V originále
Os inícios do trabalho literário de Augusto Abelaira (1926-2003) inscrevem-se no âmbito das novas tendências na narrativa portuguesa dos anos 60 do século XX, vinculadas à influência do experimentalismo e de nouveau roman. Além disso, a grande quantidade de vários recursos (des)construcionistas, citacionais e intertextuais, bem como o uso de motivos recorrentes em variações, correspondem à estética do pós-modernismo, invocada em relação à obra de Abelaira, em geral, a partir da publicação de Bolor (1968). Nas prosas de Augusto Abelaira, o uso destes recursos aponta para os vários níveis de significados que desnudam as fragilidades de seres humanos, a sua permanente busca da plenitude e a angústia ao enfrentarem um mundo esvaziado pelo hábito. É também por isso que as prosas abelairianas revelam, em geral, um quotidiano vivido em surdina, sem grandes acontecimentos, assombrado pela rotina, repetições de gestos, palavras e significados. A presente comunicação pretende, portanto, dar voz a algumas destas assombrações abelairianas, destacando, nesta perspetiva, os laços existentes entre o romance Bolor e o conto “Quatro paredes nuas” (Quatro paredes nuas, 1972), textos ligados, entre outros aspetos, pela figura feminina com o mesmo nome, Maria dos Remédios.
In English
The early literary work of Augusto Abelaira (1926-2003) falls within the scope of the new trends in Portuguese narrative of the 1960s, linked to the influence of experimentalism and nouveau roman.
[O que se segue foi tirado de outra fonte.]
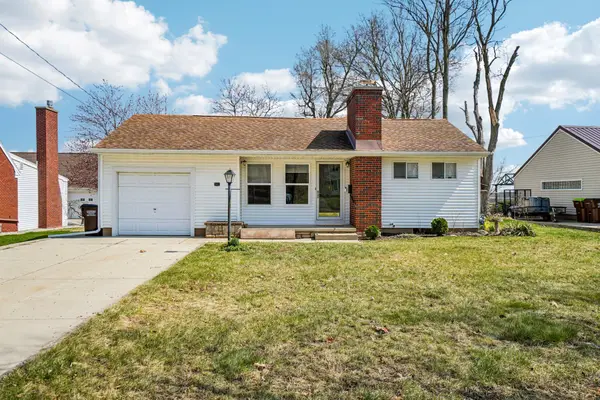 682 Budlong Street, Adrian, MI 49221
Moreover, the large amount of several (dis)constructionist, quotational and intertextual resources, as well as the use of recurring motifs in variations, correspond to the aesthetics of postmodernism, invoked in relation to Abelaira's work, in general, from the publication of Bolor (1968). In Augusto Abelaira's prose, the use of these resources points to the various levels of meaning that lay bare the fragilities of human beings, their permanent search for plenitude and their anguish when facing a world emptied by habit. This is also why Abelaira's prose generally reveals a daily life lived in silence, without major events, haunted by routine, repetitions of gestures, words and meanings. This paper intends, therefore, to give voice to some of these Abelairian hauntings, highlighting, from this perspective, the ties between the novel Bolor and the short story "Quatro paredes nuas" (Four bare walls, 1972), texts connected, among other things, by the female figure with the same name, Maria dos Remédios.